Despite having won formal equality, the lack of an organised women's movement means that the Howard government has been able to take back a lot of the reforms won as a result of the struggles of the 1970s and 1980s. No reform is permanent under capitalism, and without a strong movement that mobilises to defend and expand reforms to improve women's lives, the capitalist class can easily remove, or knobble, the gains that have been won.

While PM John Howard has taken the axe to women's services, his government has also launched a massive attack on the working class in the form of Work Choices and attacks on welfare. These laws have a worse impact on women because of the nature of women's oppression in the family unit, and the fact that women are overwhelmingly in precarious or low-paid jobs.

Women in Australia won equal pay in 1972, but we still earn less than men. Women and men were meant to be paid equally, but male jobs were reclassified to ensure that women weren't always paid the same for the same job. The gender pay gap appeared to be closing in the 1970s when a handful of strong unions won big gains that flowed onto weaker unions with a predominantly female membership.

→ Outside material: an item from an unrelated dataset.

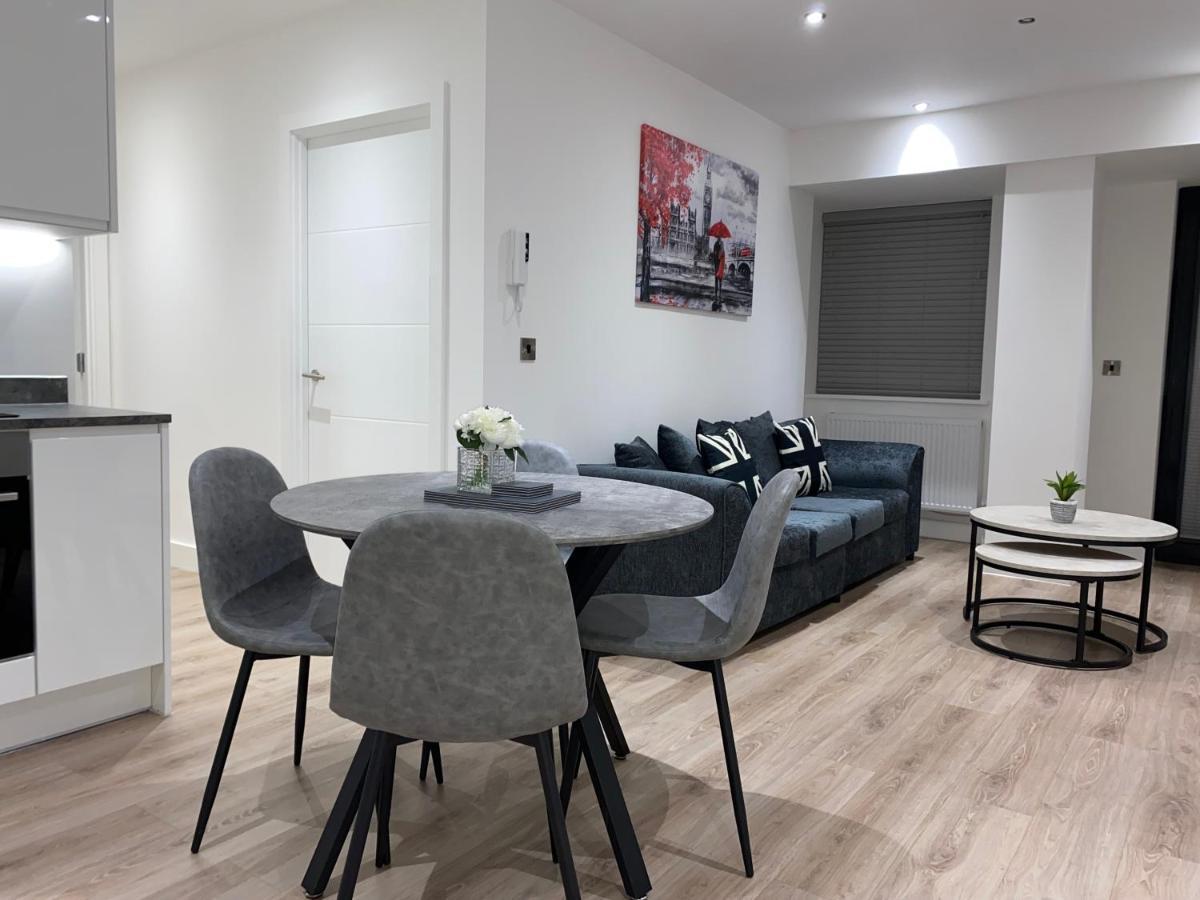 Roomotel - Broadoaks Apartments 索利赫尔 外观 照片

In the 1980s, due to several landmark cases in which unions in female-dominated industries fought to have their skills recognised as being equal to the skills of higher-paid male workers in other industries, the pay gap for full-time adult workers was reduced from women's wage averaging 81% of men's to 84%. But after the Keating Labor government introduced enterprise bargaining in 1994, the gender pay gap began to increase again. This trend has sped up since the Howard government introduced individual contracts (AWAs).

Women workers on average earn less than men, even when the effects of part-time employment and men's access to paid overtime are taken into account. In all industry sectors women earn, on average, less than men, with the worst cases being the finance and insurance industries (65%), mining (71%), property and business services (76%) and health (78%). Between 1994 and 2004, the growth in average hourly ordinary-time earnings among full-time adult non-managerial employees was higher for males than females, resulting in a slight widening of the gender wage gap.

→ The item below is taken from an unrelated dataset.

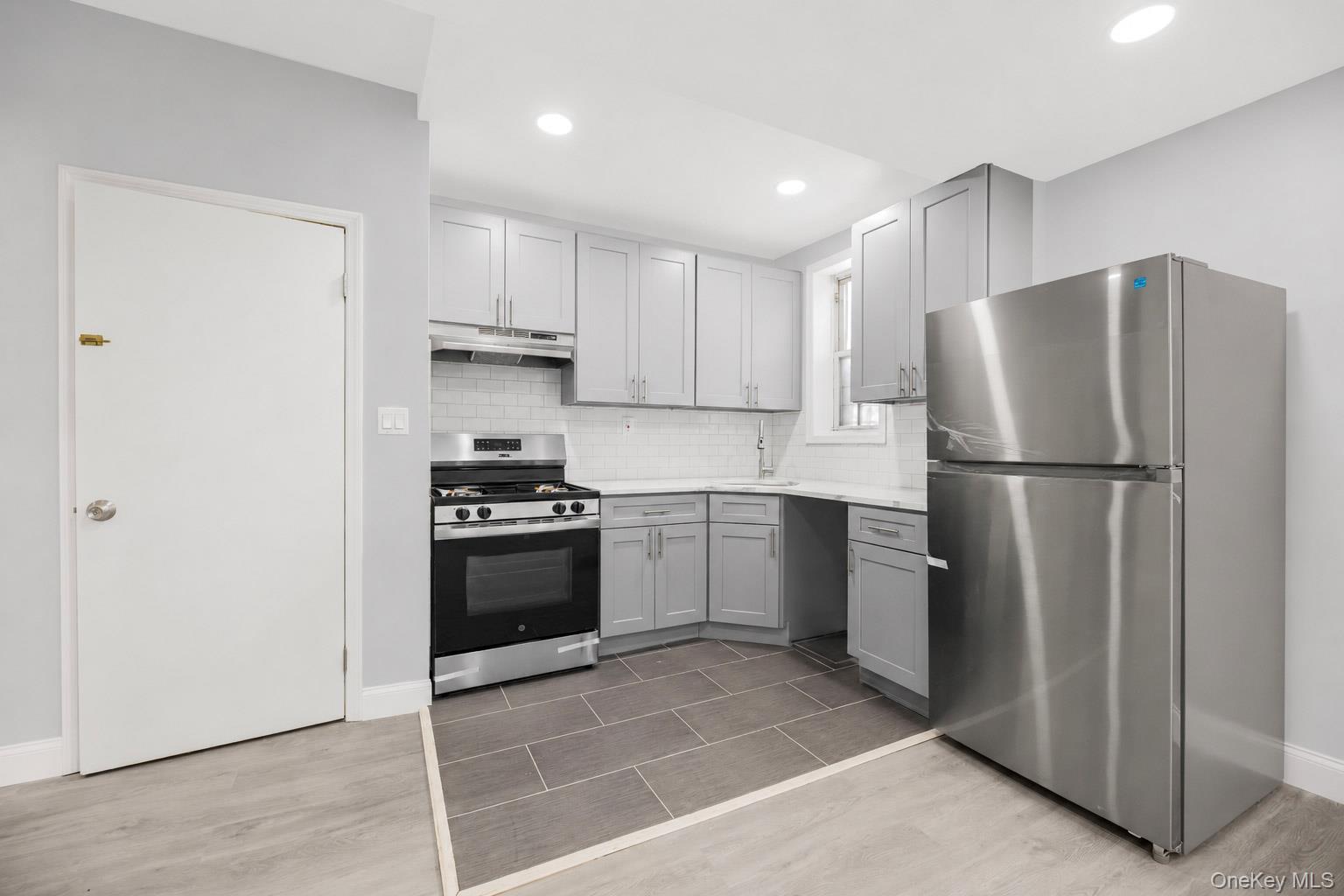 Single Family Longfellow Avenue Bronx, NY 10460, MLS-1049698-6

Comparing full-time earnings also underestimates the gender gap, as only 56% of female employees work full-time.

There is also growing inequality between the average hourly rates of pay for part-time workers compared to full-time workers. Between 1990 and 1998, the earnings ratio of non-managerial part-time or casual workers declined compared to full-time or permanent employees. The gender gap extends beyond wages to other working conditions: for instance, 31% of women workers compared to 24% of male workers report no access to leave entitlements.

Some cuts to services, such as child care, don't affect all women equally and have more of a class dynamic. Working-class women suffer more from these cuts as they cannot afford to pay high prices for child care, nor can they afford nannies. Wealthy women from regional areas can afford to travel to get an abortion, they can afford the fees for higher education and they can afford to access the legal rights women have won, whereas poor women often cannot.

The cost of child care has increased by 91% over the last decade (while wages certainly haven't), and health care by 50%. Meanwhile the consumer price index has only increased by 29.6% because the price of white goods (which you and I don't buy every week) has declined.

The impact of these neoliberal attacks affects the type of demands placed on government. Currently, politicians and some feminists want the Howard government to provide an income tax rebate for child care, something that will not help women on low incomes or those on welfare.

Rather, we should be demanding free education from cradle to grave. This must include free childcare, which should be publicly funded and the places massively increased, and the centres must also cater for shift and casual workers.

A campaign to win real equality would have to challenge the profits-first capitalist system and the sexism it promotes among individual men and women.